II, Sent., (ud. 13/06/2023) 21-06-2023, n. 6075
REPUBBLICA ITALIANA
IN NOME DEL POPOLO ITALIANO
Il Consiglio di Stato
in sede giurisdizionale (Sezione Seconda)
ha pronunciato la presente
SENTENZA
sul ricorso numero di registro generale 4280 del 2023,
proposto dal signor-OMISSIS- x
contro
Ministero della Difesa, Comando Generale dell'Arma dei
Carabinieri, in persona dei rispettivi legali rappresentanti pro tempore,
rappresentati e difesi dall'Avvocatura Generale dello Stato, domiciliataria ex
lege in Roma, via dei Portoghesi, 12;
per la riforma
della sentenza del Tribunale Amministrativo Regionale per il
Lazio, Sezione Prima, n. -OMISSIS-
Visti il ricorso in appello e i relativi allegati;
Visti gli atti di costituzione in giudizio del Ministero
della Difesa e del Comando Generale dell'Arma dei Carabinieri;
Visti tutti gli atti della causa;
Relatore nella camera di consiglio del giorno 13 giugno 2023
il Cons. Ugo De Carlo e uditi per leparti gli avvocati Giulio Murano, avv.
dello Stato Giannuzzi;
Svolgimento del processo - Motivi della decisione
1. Il signor -OMISSIS- ha impugnato la indicata in epigrafe
che aveva respinto il suo ricorso volto ad ottenere l'annullamento della
sanzione della "perdita del grado per rimozione per motivi
disciplinari" con conseguente cessazione dal servizio permanente e viene
iscritto, d' ufficio, nel ruolo dei militari di truppa dell'Esercito Italiano.

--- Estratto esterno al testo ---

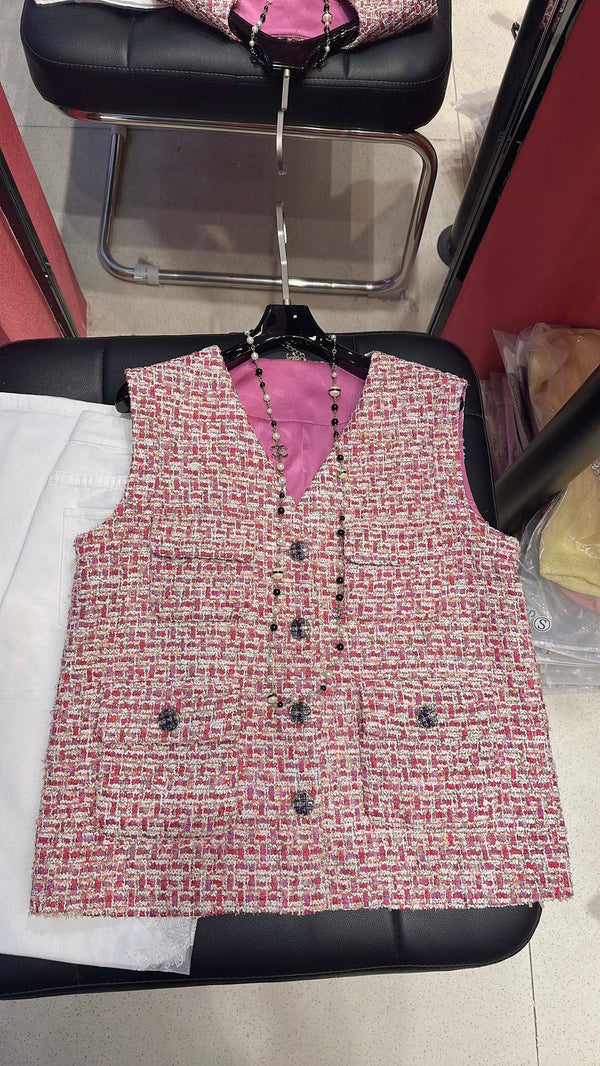 CC 25F V-line Neck Vest Pink Cotton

2. L'appellante, appuntato scelto dell'Arma dei Carabinieri,
dopo essere stato indagato nel 2003 ed aver subito misura cautelare nell'ambito
di un'indagine nella quale gli erano stati contestati numerosi reati, all'esito
dei processi celebrati era stato condannato con sentenza del Tribunale di Roma
nel 2015, confermata in appello ed in cassazione a seguito di inammissibilità
del ricorso, alla pena di anni 2 e mesi 6 di reclusione per i reati di falsità
materiale commessa al pubblico ufficiale in certificati o autorizzazioni
amministrative, contraffazione in atti pubblici di sigilli e strumenti
destinati a pubblica autenticazione o certificazione ed uso di tali sigilli e
strumenti contraffatti, contraffazione delle impronte di una pubblica
autenticazione o certificazione. Durante tutto il corso del processo
all'appellante veniva più volte applicata la sospensione cautelare
dall'impiego.
All'esito della vicenda processuale, al militare veniva
negata la riammissione in servizio e nel luglio 2019 si dava inizio al
procedimento disciplinare con la nomina dell'ufficiale inquirente.

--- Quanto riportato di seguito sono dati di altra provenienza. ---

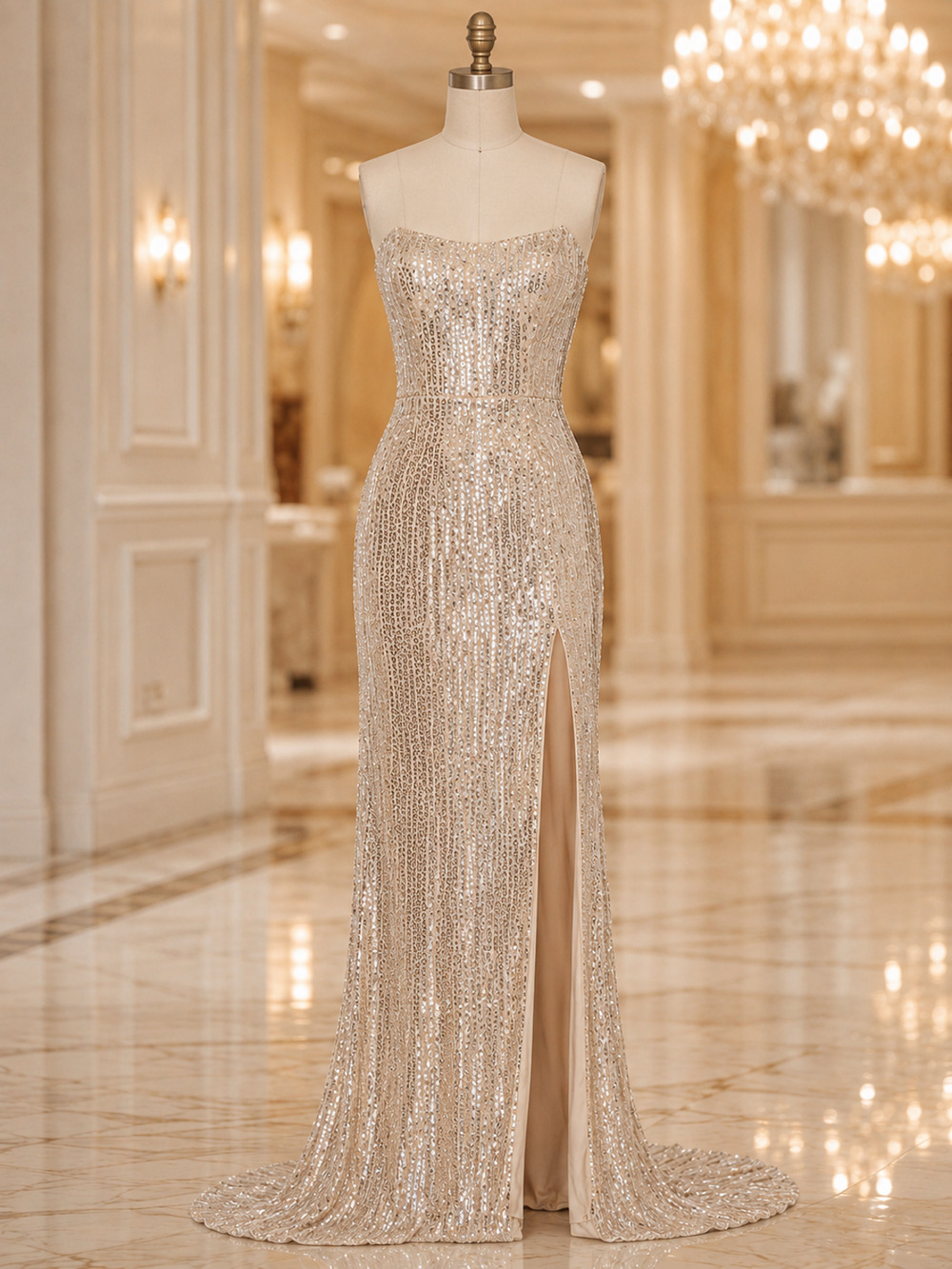 NWT Betsy & Adam 12 Champagne Sequin Beaded Strapless Formal Gown $279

All'appellante venivano contestati i fatti che era stati oggetto
dell'accertamento penale ed all'esito della relazione dell'ufficiale inquirente
la Commissione di disciplina proponeva il militare per la rimozione che veniva
irrogata con il provvedimento impugnato.
3. La sentenza impugnata aveva respinto il ricorso,
preliminarmente valutando che l'aver iniziato il procedimento disciplinare
prima di aver acquisito l'intera motivazione della decisione di inammissibilità
della Corte di Cassazione, non aveva determinato un deficit di conoscenza della
vicenda trattandosi di una sentenza in rito considerando oltretutto che in
sostanza il passaggio in giudicato della sentenza si era verificato dopo il
giudizio di appello.
Sempre in via preliminare aveva ritenuto che una memoria
dell'Amministrazione non fosse tardiva poiché l'erroneo deposito al Consiglio
di Stato era frutto di mero disguido materiale e comunque facendo appello ai
suoi poteri officiosi il giudice aveva acquisito assicurando, in ogni caso, a
parte ricorrente ampio termine per replicare e controdedurre e contestualmente,
piena garanzia del contraddittorio per entrambe le parti del processo.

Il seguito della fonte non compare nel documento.